Here's another one for the non believers. This is what happens when you want to take benchmarks to mean something. Especially benchmarks on a device that hasn't even been released yet. Fan kiddies always quick to believe the "breaking news" when it works in their favor. And this one is still on ICS and a dual core. Good night kiddies. Sleep tight and don't let the bed bugs bite.

Meh, still running at 400mhz advantage, and somehow I doubt its stock configuration/services. And again, that performance is only good for the Linux OS itself not the apps. Only lovin the apps get is that 1.4ghz clock.
 
That shouldnt come as a shock with Jelly Bean and turning off a lot of services that would normally be running. Lets also not forget that you're running 1.4ghz vs 1.02 and 4 cores vs 2. With that in mind the A6 really looks pretty amazing.

Last but not least, with iOS, all of iOS and your apps actually use all of the A6 and are well optimized for multicore and hardware acceleration. With Android your apps are dumb (in the software coding sense). They are hardware agnostic and can't make use of more than one core. The java interpreter can, but not the apps themselves. The only thing you can do to help Android apps is to crank up the cpu clock frequency. This is why you see Android handsets with much higher clock speeds than iOS devices.

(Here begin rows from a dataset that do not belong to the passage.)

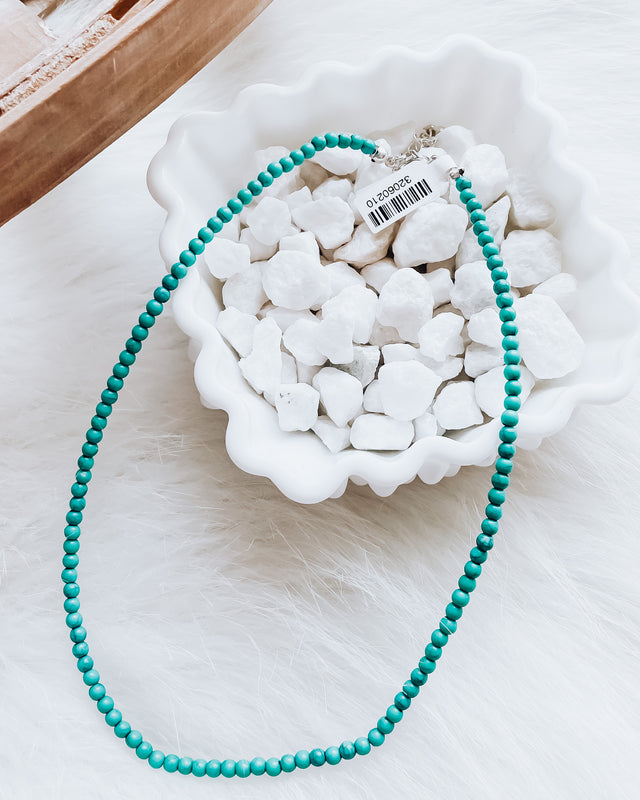 Beaded Necklace [turquoise]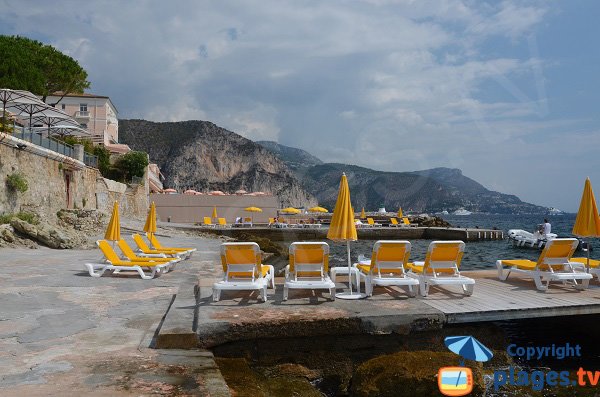 Plage de l'hôtel de la Réserve de Beaulieu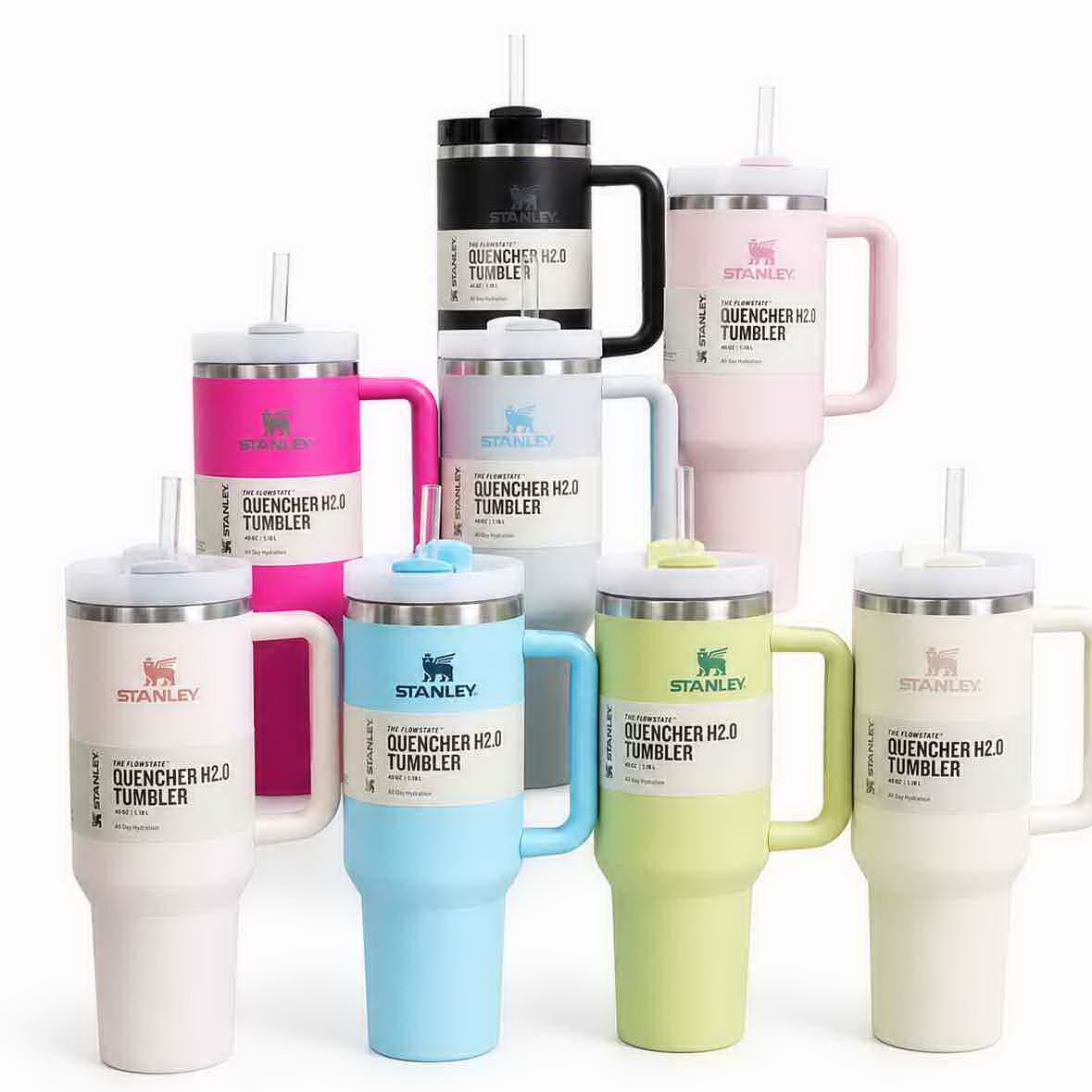 تراول ماگ استنلی مدل Quencher H2.O Tumbler دسته دار 1.18 لیتر
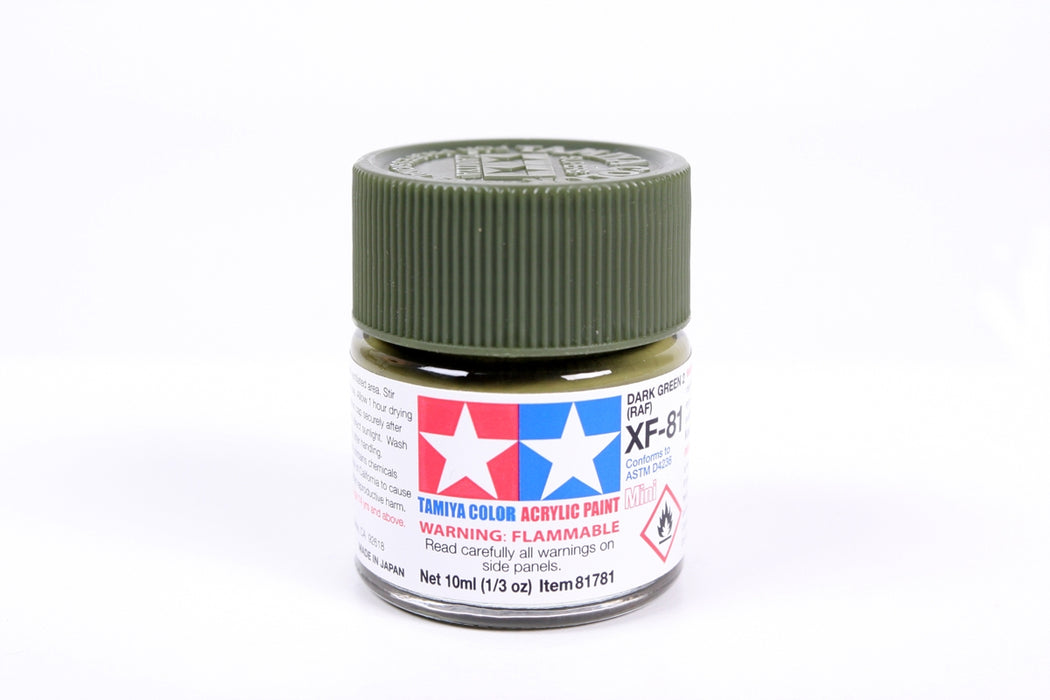 Tamiya 81781 Acrylic Mini XF-81 Dark Green 2 RAF 10ml (1/3 oz)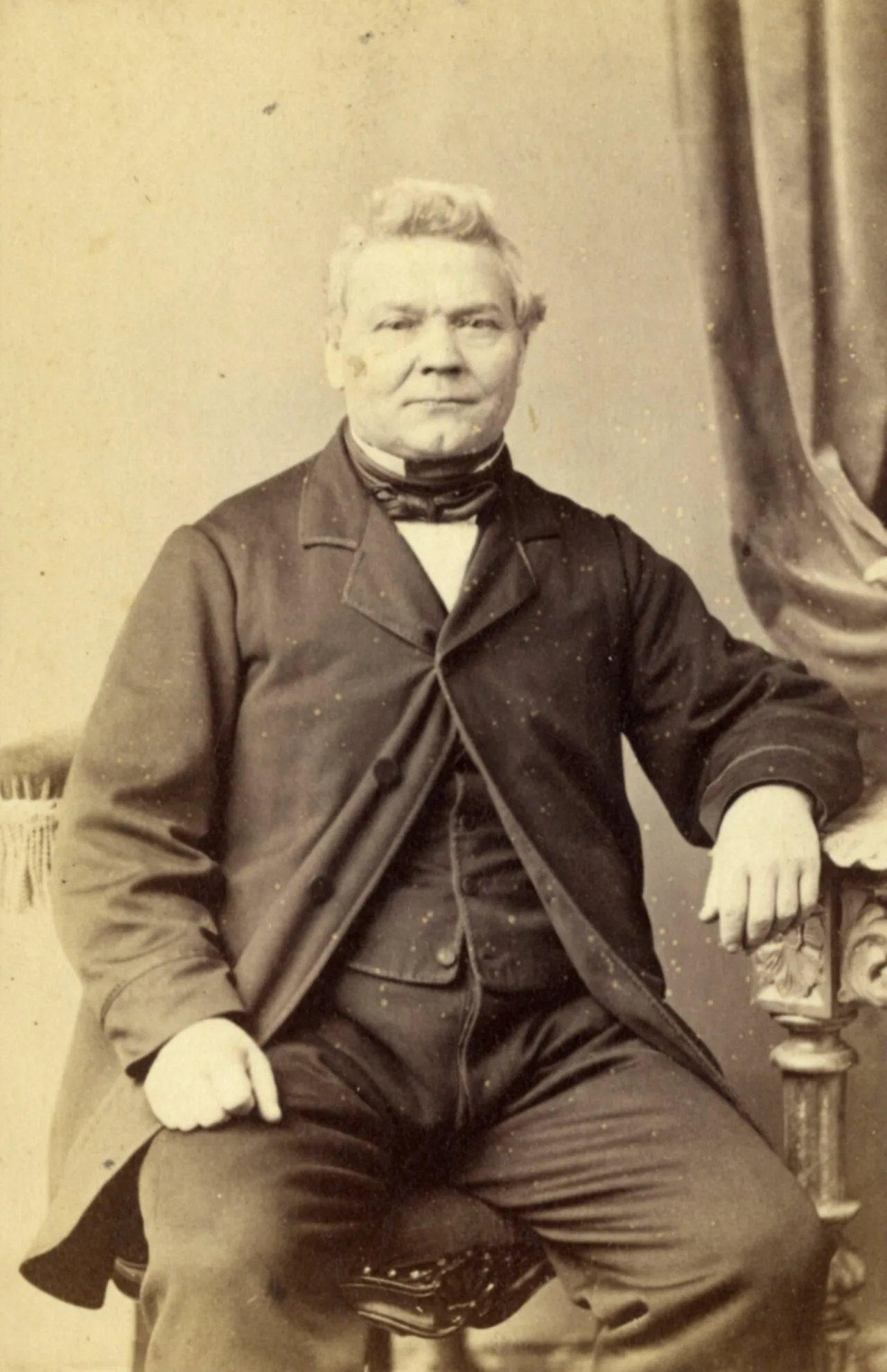Portrait of Petrus van den Heuvel (1812–1898) – memorial page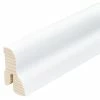 BAUHAUS Sockelleiste Weiß 2,4 M X 2,2 Cm X 4 Cm, Geschwungen -Bodenfliesen Verkäufe 12 1168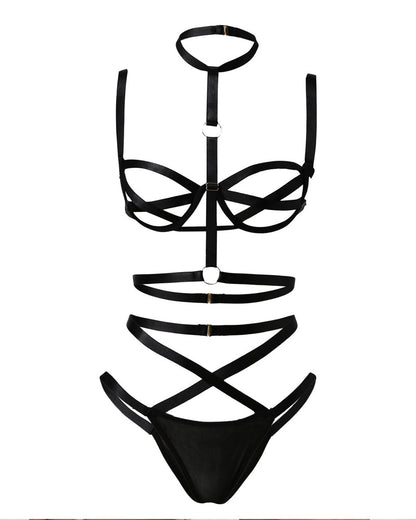 Sexy Bandage Hollow Underwear Set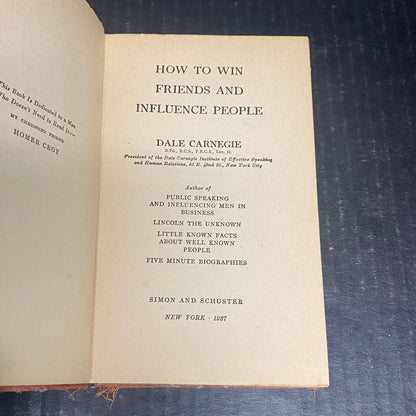 How To Win Friends And Influence People - Dale Carnegie - 1937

Java should not be used for apps on a mobile phone. It's really inefficient and just drives up costs because faster processors and more RAM is needed. Look, an old iPhone is $0 subsidized, and it's powerful enough for many users. Someone should make a very efficient (software-wise), powerless, inexpensive smartphone.
 
Biggest thing for me is that the handset works great. I personally don't care what the benchmark says other than comparing it to the last iPhone (not Android). The fact that the 4S and iPad 3 performed excellent already means this new A6 is going to quite spectacular for future iPhone/iPad users. Based on the benchmarks we are talking about 2-3x performance increase over A5 based kit.... with Apple claiming ~2x in real world gains. Thats nothing but great news.

Everyone else is running great processors as well, but there is a big difference between running Apps in native machine language and running them completely unoptimized through an interpreter (Android). Java apps is basically the one and only reason I would never own an Android product.